Editor's note: This updates with plans to use a helicopter to pull the trio out of the backcountry.
Winter's latest punch to the East caught three Appalachian Trail hikers in Great Smoky Mountains National Park unprepared and needing to be rescued by rangers, who called in a helicopter to lift the three out.
The three men from Gaffney, South Carolina, -- Shawn Hood, Steven White, and Jonathan Dobbins -- had set out from Fontana Dam on Thursday with plans for a ten-day hike. But last night they called rangers to say they were cold and wet and needed help as they were unable to walk and had no shelter.
Responding rangers were able to reach the trio -- all between the ages of 21 and 32 -- and brought dry clothing and tents.

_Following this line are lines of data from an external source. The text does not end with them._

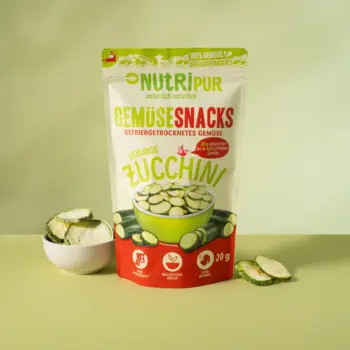 Her er et produktbillede af NutriPurs frysetørrede courgetter
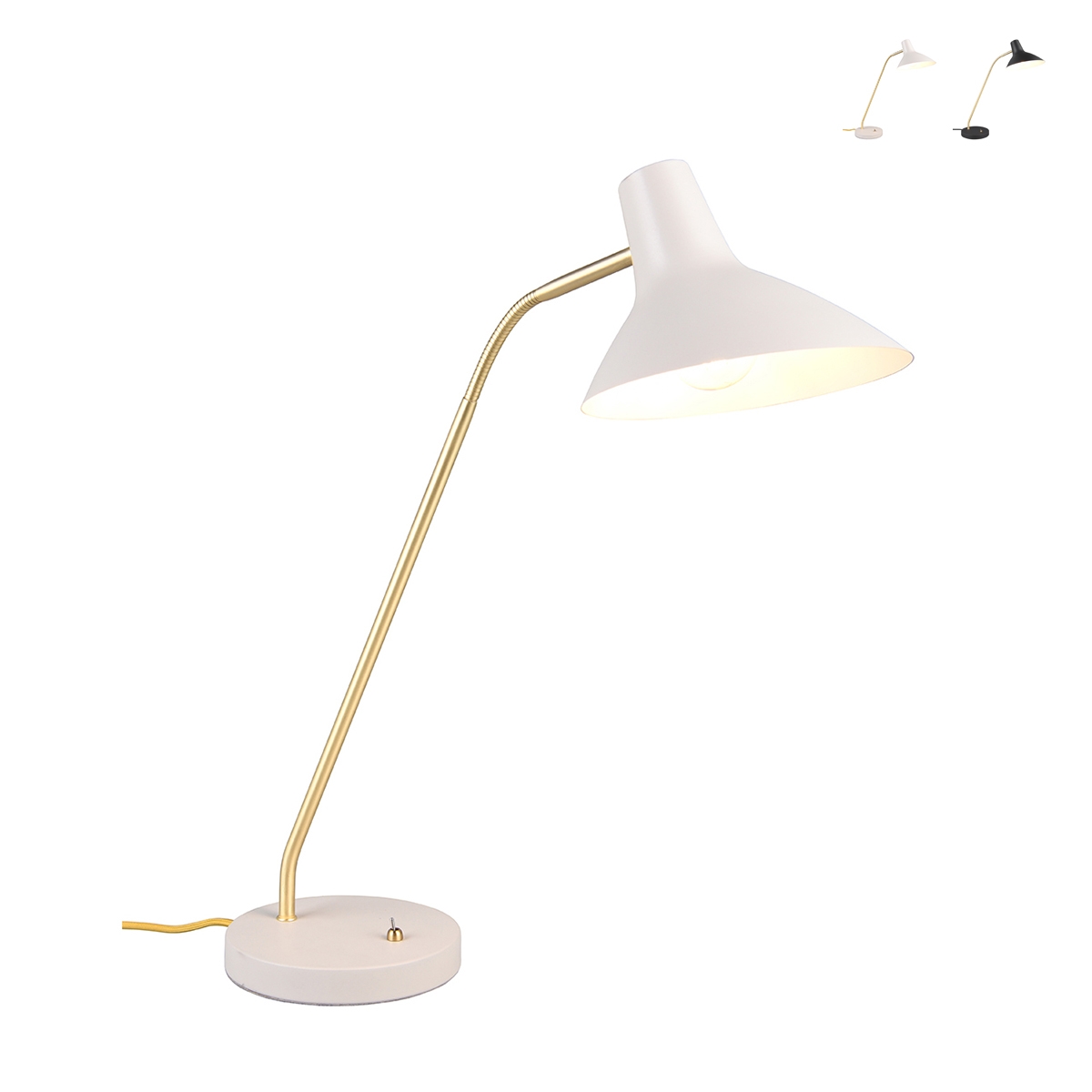 Lampada elegante da tavolo scrivania regolabile in metallo dorato Jarak Promozione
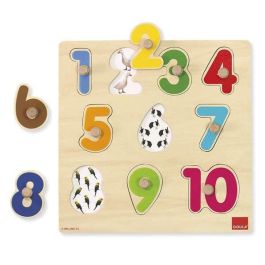 Puzzle encajable numeros, de madera 10 piezas 28x28x2.5 cm goula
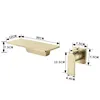 Brushed Gold Brass Basin Faucet Waterfall Output H And Cold Water Wall Mounted Split Independent Switch Taps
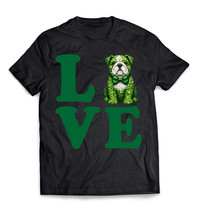 Love English Bulldog T-shirt Funny Dog Shamrock St Patrick&#39;s Day Unisex ... - £14.03 GBP+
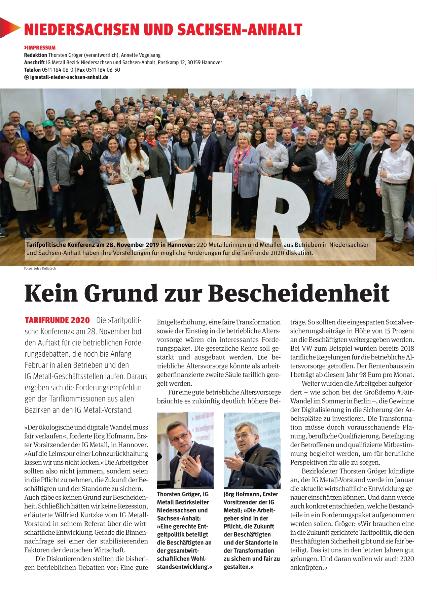 metallzeitung - Regionalseiten Niedersachsen und Sachsen-Anhalt Januar/ Februar 2020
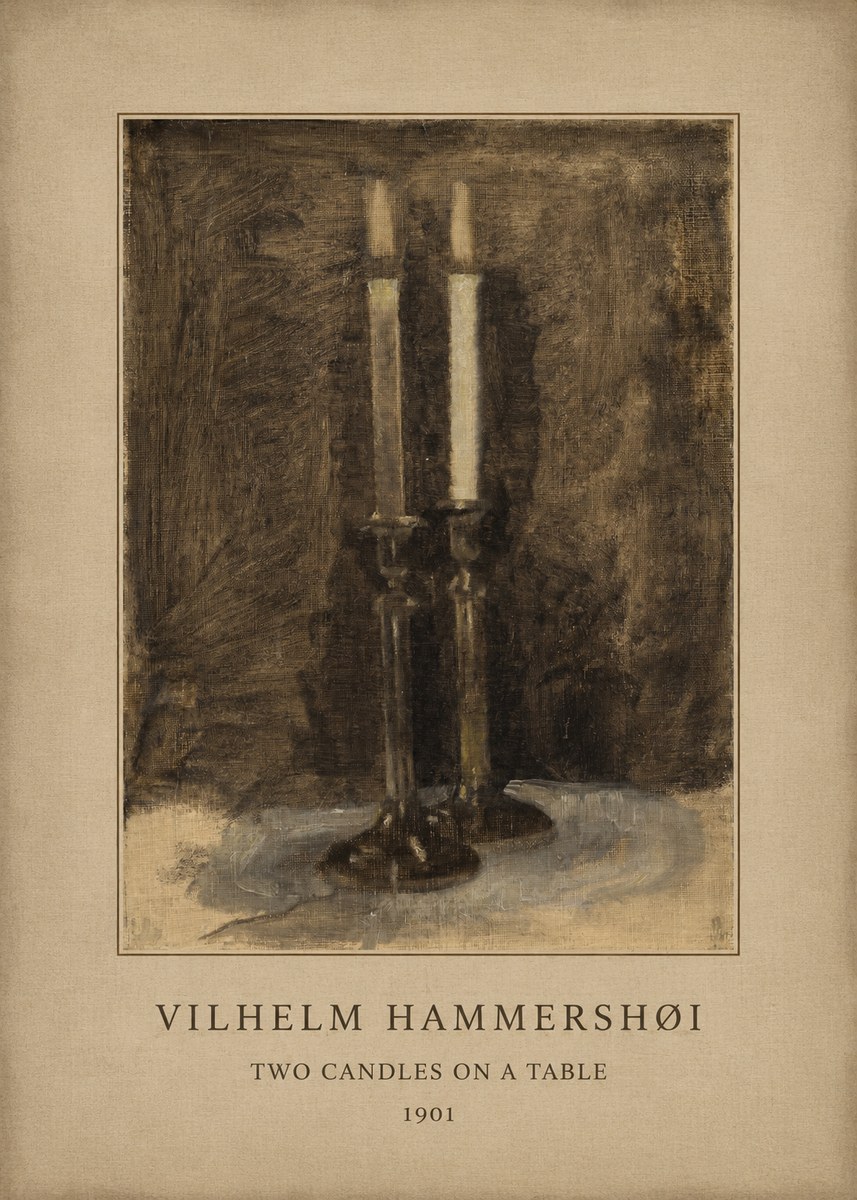 Vilhelm Hammershøi Two Candles on a Table No5 - Plakat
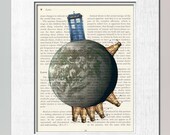 Tardis facing the Daleks around PRINT on salvaged vintage page book art print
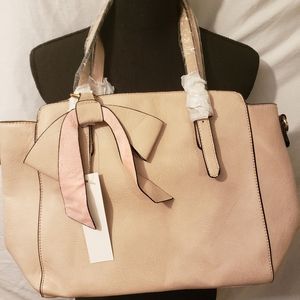 New Blush Bow accented  handbag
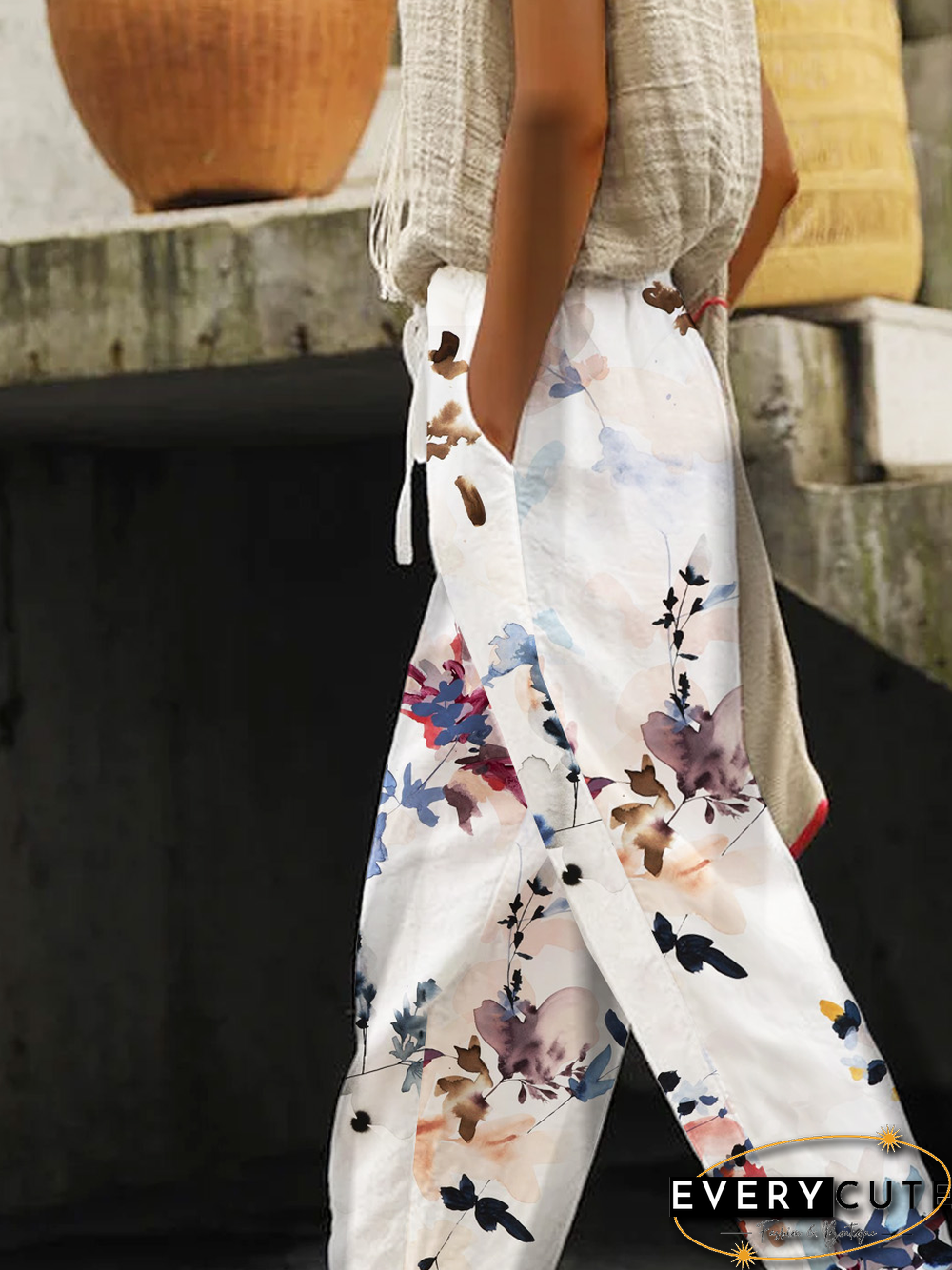 Women Casual Floral Autumn Natural No Elasticity Loose Hot List Regular Regular Size Casual Pants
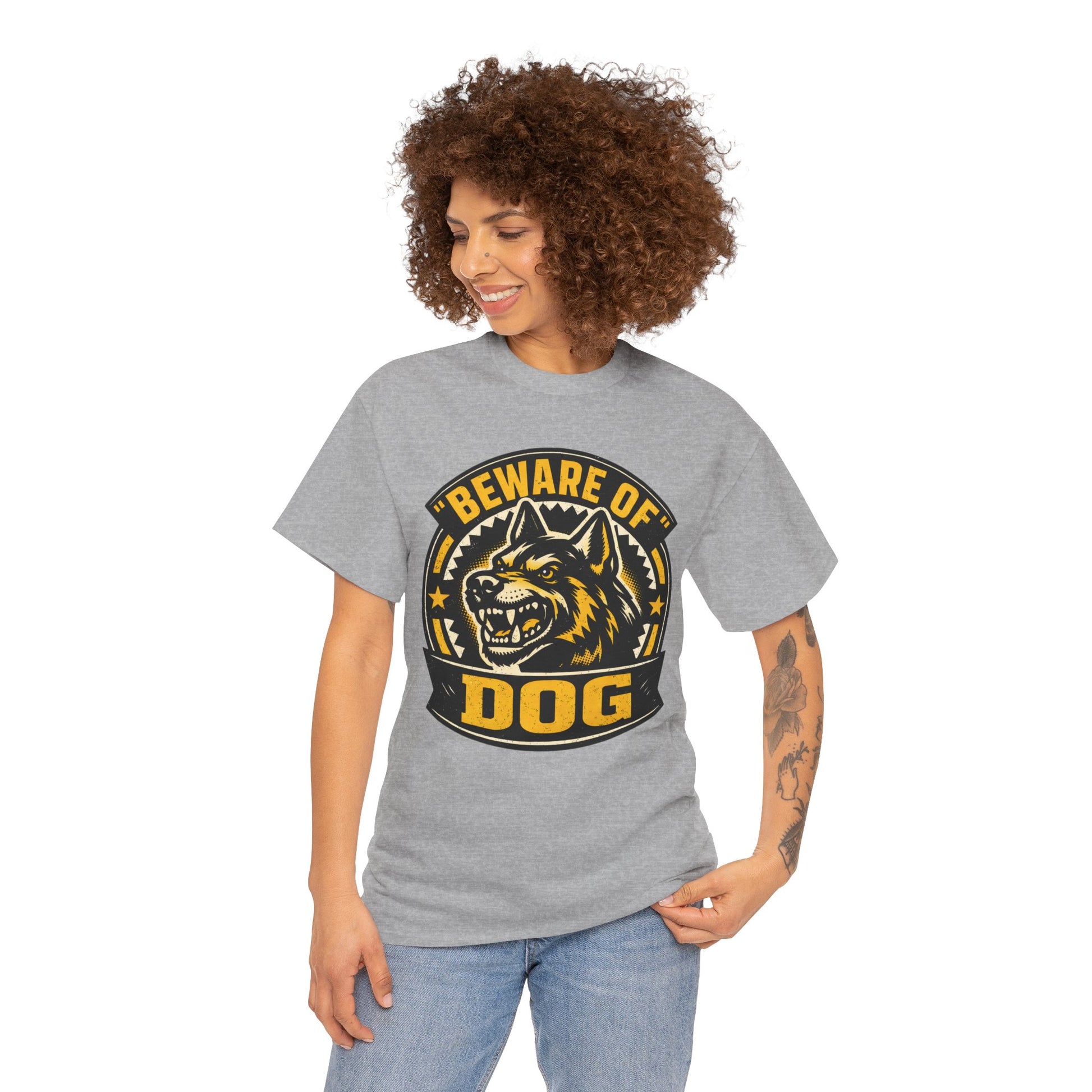 Beware of Dog T-Shirt — Retro Aggressive Dog Warning Graphic Tee Printify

"They are being treated for hypothermia and possible frostbite. All three are very weak and cannot walk," said Kent Cave, the park's supervisory ranger. "Plans have been made to extricate the hikers using a helicopter from the North Carolina Helicopter and Aquatic Rescue Team (HART) early this afternoon."
Overnight temperatures in the park were reported to be "in the single digits and winds gusting to 35 miles per hour made wind chills near 20 degrees below zero," the park reported. "Blowing snow created drifts up to two feet. Rescue efforts were hampered by weather, road, and trail conditions, as well as the remote, rugged location. The men were located some 5 miles from the nearest trailhead."